When you have an idea for a business you will proceed on the basis that the business has the potential to produce a profit but there will also be the expectation that further financing will be required to get the business running. Therefore, to raise funding for your business you need to use accounting methods to forecast your potential sales and profits and how much extra funding is required.

If you are the person who does not like financing or accounting then you should make the effort to learn. Alternatively, you can hire the services of an accountant who will show you how it is done but remember unless they owe you a favour you will have to pay for their services.

You will have to include some form of financial projections in order to illustrate how profitable or not your business will be. The projections will also show how much cash flow the business is likely to produce over a set period of time. Accounting can also identify if additional capital is required and where and what that capital will be spent on.

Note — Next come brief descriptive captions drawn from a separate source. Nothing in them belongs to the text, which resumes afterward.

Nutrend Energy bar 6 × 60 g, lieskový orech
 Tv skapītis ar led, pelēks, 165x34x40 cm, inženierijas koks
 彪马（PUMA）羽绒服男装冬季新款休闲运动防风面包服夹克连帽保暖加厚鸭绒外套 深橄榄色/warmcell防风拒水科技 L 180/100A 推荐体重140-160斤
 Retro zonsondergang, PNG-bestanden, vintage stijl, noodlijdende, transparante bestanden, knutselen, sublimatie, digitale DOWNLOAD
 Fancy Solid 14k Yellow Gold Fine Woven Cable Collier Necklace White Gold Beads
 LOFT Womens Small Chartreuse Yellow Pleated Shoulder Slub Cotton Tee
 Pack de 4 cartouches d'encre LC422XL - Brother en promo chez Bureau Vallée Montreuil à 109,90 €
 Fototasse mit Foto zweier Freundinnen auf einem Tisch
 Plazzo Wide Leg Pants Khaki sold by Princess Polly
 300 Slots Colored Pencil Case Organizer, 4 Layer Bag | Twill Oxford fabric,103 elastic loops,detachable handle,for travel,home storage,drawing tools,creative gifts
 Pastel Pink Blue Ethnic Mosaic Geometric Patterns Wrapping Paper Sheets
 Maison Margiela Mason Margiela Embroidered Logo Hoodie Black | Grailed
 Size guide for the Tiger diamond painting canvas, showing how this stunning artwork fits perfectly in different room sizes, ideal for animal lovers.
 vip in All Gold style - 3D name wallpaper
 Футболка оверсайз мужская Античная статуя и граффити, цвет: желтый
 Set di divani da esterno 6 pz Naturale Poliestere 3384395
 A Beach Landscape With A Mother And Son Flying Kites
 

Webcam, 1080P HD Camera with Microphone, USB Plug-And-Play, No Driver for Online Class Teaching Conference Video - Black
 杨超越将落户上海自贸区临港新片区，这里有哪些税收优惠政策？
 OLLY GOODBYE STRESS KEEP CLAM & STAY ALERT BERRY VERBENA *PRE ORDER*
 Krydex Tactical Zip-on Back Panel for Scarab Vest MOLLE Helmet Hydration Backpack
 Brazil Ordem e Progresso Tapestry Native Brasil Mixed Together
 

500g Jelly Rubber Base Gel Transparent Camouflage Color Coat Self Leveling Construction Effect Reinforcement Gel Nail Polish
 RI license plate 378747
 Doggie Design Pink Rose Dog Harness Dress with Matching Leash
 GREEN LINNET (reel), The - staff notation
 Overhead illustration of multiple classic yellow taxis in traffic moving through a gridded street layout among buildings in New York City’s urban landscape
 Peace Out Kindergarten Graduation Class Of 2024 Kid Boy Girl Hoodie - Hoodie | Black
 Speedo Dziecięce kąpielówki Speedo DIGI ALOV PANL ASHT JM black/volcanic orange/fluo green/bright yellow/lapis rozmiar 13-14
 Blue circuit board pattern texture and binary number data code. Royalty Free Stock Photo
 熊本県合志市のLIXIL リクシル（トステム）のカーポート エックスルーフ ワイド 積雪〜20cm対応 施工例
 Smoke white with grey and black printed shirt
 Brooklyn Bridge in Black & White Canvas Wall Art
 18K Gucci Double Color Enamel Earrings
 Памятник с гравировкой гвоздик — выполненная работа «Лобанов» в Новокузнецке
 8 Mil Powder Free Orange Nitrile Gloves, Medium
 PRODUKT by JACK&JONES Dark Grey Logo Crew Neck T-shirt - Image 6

The following are the basic accounting concepts that you are likely to use in your business:

Balance sheet

The balance sheet provides an overview of the business in terms of where the funding and other sources of money have come from and where this money will be spent. The balance sheet covers a specific time period either 6 months or more commonly 1 year.

The balance sheet has 2 main sections that include liabilities and assets. The liabilities section records where the money has come from such as financing and bank loans. This section can also include short-term financing through VAT and tax. These are referred to as current liabilities. The other section is called Assets and these can involve fixed and current assets. This illustrates were the money in the business is being spent. For example, fixed assets would include plant and machinery, land and buildings, vehicles etc. Current assets would involve items that change frequently such as debtors and cash.

Profit and Loss

The profit and loss account provides a snapshot of the businesses profit during a financial year. The profit and loss account records the depreciation of the businesses assets. This is normal as assets will devalue over time and depreciation is used to estimate the devaluing effect.